Jumat, 01 Juni 2018

LUCUNYA PANCASILA


Mungkin karena negeri ini tanahnya subur makmur gemah ripah loh jinawi tongkat dan kayunya jadi tanaman (kata Koes Plus), maka orangnya secara umum santai dan senang bercanda. Memang ada satu dua yang serius bahkan ada yang selalu pasang tampang sangar, tapi yang begitu pun sering pula menimbulkan gelak tawa. Maka tidak aneh acara televisi pun siang malam isinya lelucon dan banyolan.

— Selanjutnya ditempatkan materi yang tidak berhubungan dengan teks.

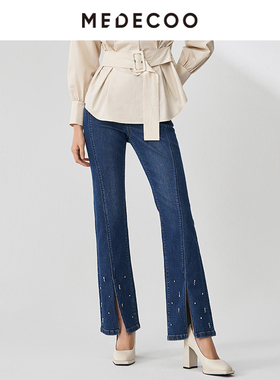 MEDECOO/墨蒂珂秋季新款双腰头开叉微喇钉钻牛仔裤女MHQ80702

Salah satu hal yang serius tapi menimbulkan tawa adalah peristiwa yang beberapa hari lalu benar-benar terjadi. Kejadiannya adalah ketika ada acara di Kecamatan Bulakamba Brebes yang dihadiri Bupati. Sebagaimana kebiasaan Presiden yang suka main kuis dan bagi-bagi hadiah, Bupati Brebes juga melakukan hal yang sama, dengan tantangan menyebutkan Pancasila (mungkin karena dekat dangan Hari Lahir Pancasila). Dan kelucuan yang muncul adalah karena orang yang merespon tantangan itu begitu antusias tapi ujungnya salah alias tak mampu menyebutkan urutan Pancasila.

Zaman sekolah dulu juga pernah ada kelucuan yang berkaitan dengan Pancasila ini, yaitu ketika seorang teman disuruh maju untuk melafalkan sila-sila Pancasila yang ternyata sulitnya setengah mati. Teman saya itu ketika maju dan menghadap ke teman-teman, tanpa ancang-ancang langsung saja menyebut: “Satu Pancasila !” yang tentu saja mengundang tawa. Dan ketika diingatkan agar yang disebut Pancasila lebih dulu baru satu, dia terus mengulanginya kesalahannya sampai tiga kali lalu balik ke tempat duduk.

Pancasila yang semenjak kecil sudah sering didengar dan dihafalkan, memang sering diremehkan. Saya juga sering menganggap remeh dan menertawakan orang yang tak hafal Pancasila, tapi ketika mencoba mengingat-ingat yang saya anggap telah hafal di luar kepala itu ternyata ada perasaan ragu juga. Dan akhirnya saya pun maklum dengan keadaan yang berlangsung di tengah-tengah warga saat ini, yaitu nilai-nilai Pancasila tidak diamalkan.

Dengan lima sila yang lumayan panjang saja Pancasila diremehkan, apalagi kalau penyederhanaannya yaitu Gotong Royong yang dikedepankan, rasanya akan lebih disepelekan. Orang-orang pastinya akan mengatakan: “Setiap hari kita melakukan gotong royong, untuk apa diributkan.” Ya, bagi orang kita hidup itu laku, teori hanya bikin bingung yang akhirnya malah bertengkar.

Jadi menghafal Pancasila dan berjuang mengamalkannya sepertinya bukan tugas warga kebanyakan, tapi tugas ini adalah milik para pejabat dan aparat. Para pejabat dan aparat yang harus berjuang mengamalkan Pancasila ini, lalu warga tinggal meneladaninya lewat lelaku harian mereka. Bukan sebaliknya anak-anak dituntut hafal dan mengamalkan Pancasila, orang-orang yang dianggap terhormat merusak nilai-nilainya seperti sekarang. Lucu memang.